Five years ago, on a crisp December morning, 20-year-old Adam Lanza went into his mother’s room and shot her four times in the head, killing her instantly. The deranged man then drove to Sandy Hook Elementary School, stormed in through the front doors, and began to open fire upon the unsuspecting six and seven-year-old children starting their school day.
Lanza murdered 20 young kids along with six staff members. The senseless brutality of the crime is almost inconceivable and left this smalltown Connecticut community in absolute ruins. As first responders closed in, Lanza realized there was no way out and turned his weapon on himself.

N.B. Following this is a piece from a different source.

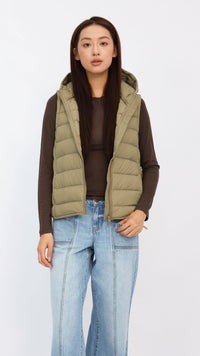 Olive Hooded Cropped Down Vest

There would be no justice in this horrific crime. No-one would be held to account – only the languishing pain of the grieving would serve as a reminder of that fateful day.
I don’t know about you, but when the news broke of the shooting, my immediate reaction was utter fury – an unadulterated rage over the fact that this sick individual could “get away” with such an evil and heinous crime.

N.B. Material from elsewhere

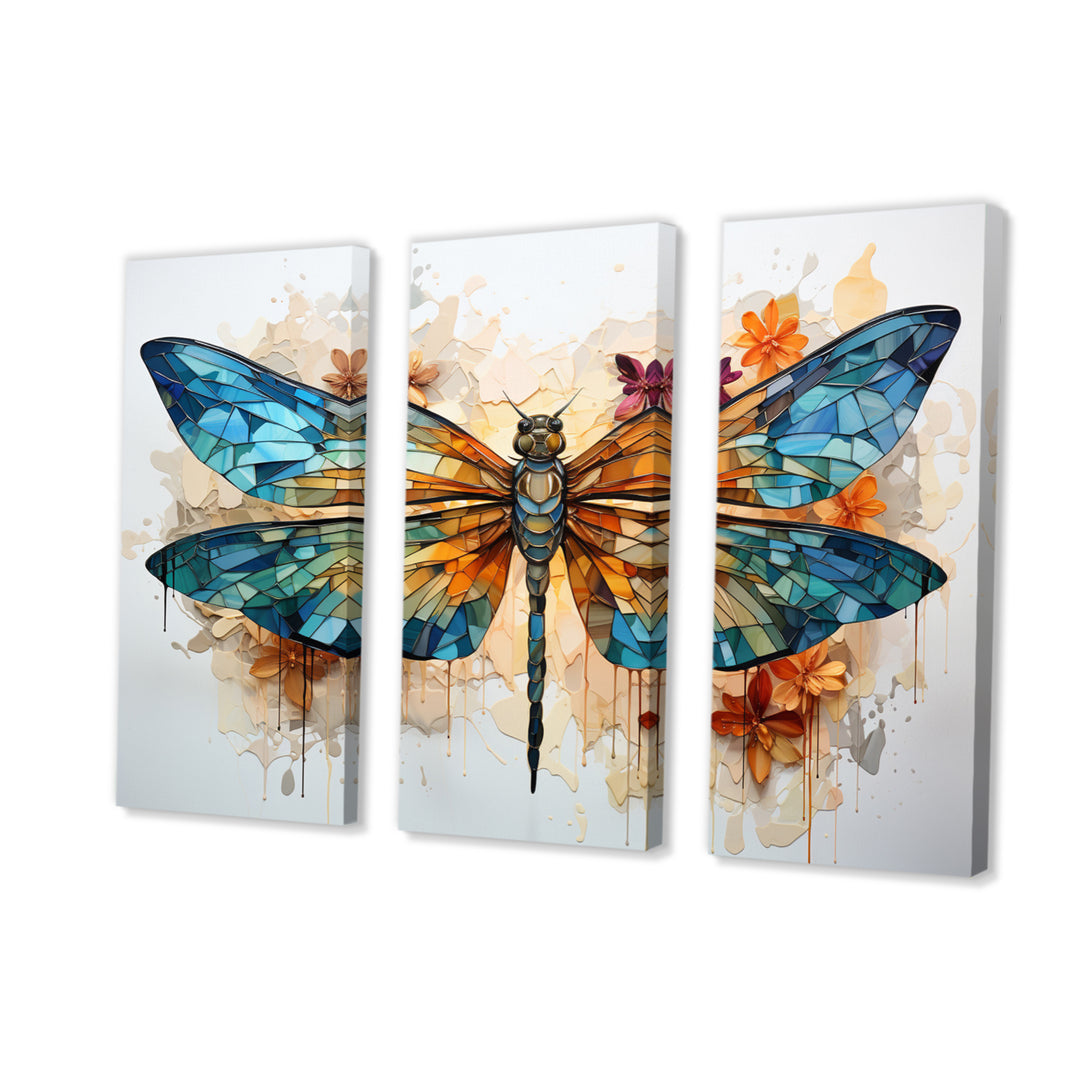 Teal Dragonfly Ethereal Flight Geometric I - Multi-Panels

Remarkably, however, over the five years that have elapsed, some of the parents of those killed have been making a conscious effort to forgive Lanza. One of them is Scarlett Lewis, the mother of murdered six-year-old Jesse Lewis, who helped save the lives of many of his classmates on that fateful day.

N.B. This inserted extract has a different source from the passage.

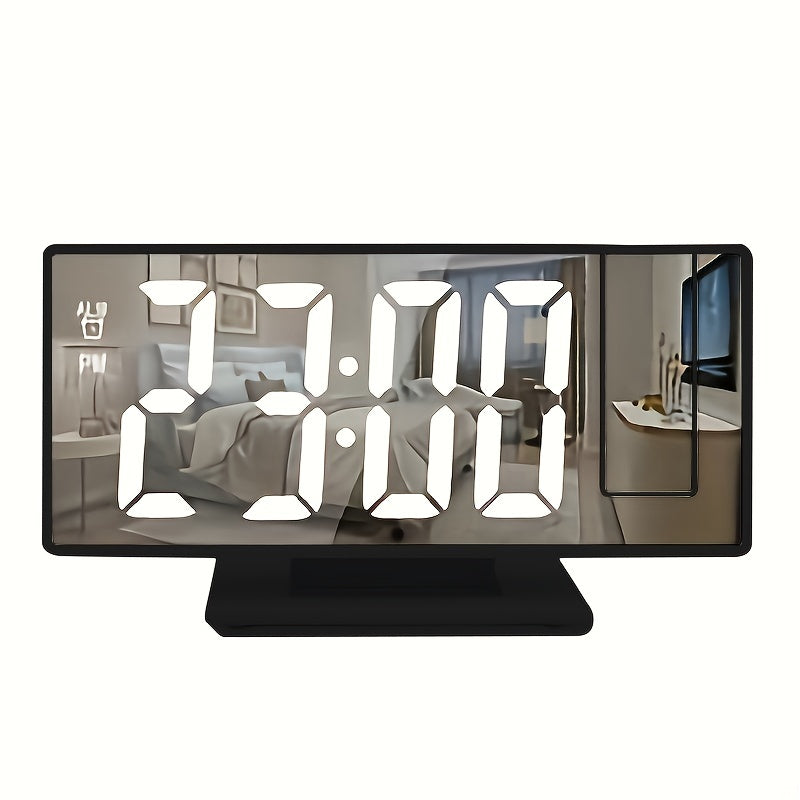 Black Projection Clock with USB Power and Large Display for Home Decor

“The time that I break down, and I really am at my lowest, is when I think about the massiveness of that tragedy. It is almost too much to bear,” Scarlett explains in a powerful video at NBC (see below).
“Jesse was like a little cuddle bug. His energy filled every corner of the room. He would literally come downstairs ever morning and would be jumping on the couches.”
Scarlett detailed the astonishing heroics of her son as Lanza approached his classroom with murderous intent.
“When the gunman came into Jesse’s room, his gun either jammed or ran out of bullets. During the short delay, Jesse called to his classmates and told them to run,” she explained. “They said because he told them to run, they ran, and he was able to save nine of his classmate’s lives before losing his own.”
“That bravery of Jesse’s has really helped me, because I think about that every day when I wake up.”
Throughout these past five years, Scarlett has been journeying through an excruciating process of forgiveness. For a long time, she felt as if her anger towards Lanza was doing more harm than good, and she realized she needed to make a conscious decision to let him go.
“I felt like I was attached by almost like an umbilical cord to the shooter right afterwards,” she recalled. “All of my personal power drained out of me in the form of anger. And through this cord into the shooter. I was dragging him around with me everywhere.”
“Forgiveness for me was like a big set of scissors. I took those scissors and I cut this cord that attached me to the thing that was hurting me. It doesn’t mean that thoughts don’t creep in and other things don’t make me angry.”
Then, as she prepared to say goodbye to Jesse one final time, Scarlett noticed a message her little boy had scrawled across their kitchen chalkboard. These three striking words changed everything.
“I was coming home to the farmhouse the first time to get Jesse’s clothes for the funeral. On my way out I came upon this message that Jesse had left on our kitchen chalkboard. He wrote three words: “nurturing, healing, love.”
“When I saw those words I knew that was not something that was in Jesse’s vernacular,” Scarlett continued. “I knew that was meant as a message of comfort for his family and friends.”
As she mulled over these three powerful words, her thoughts started heading towards the shooter himself.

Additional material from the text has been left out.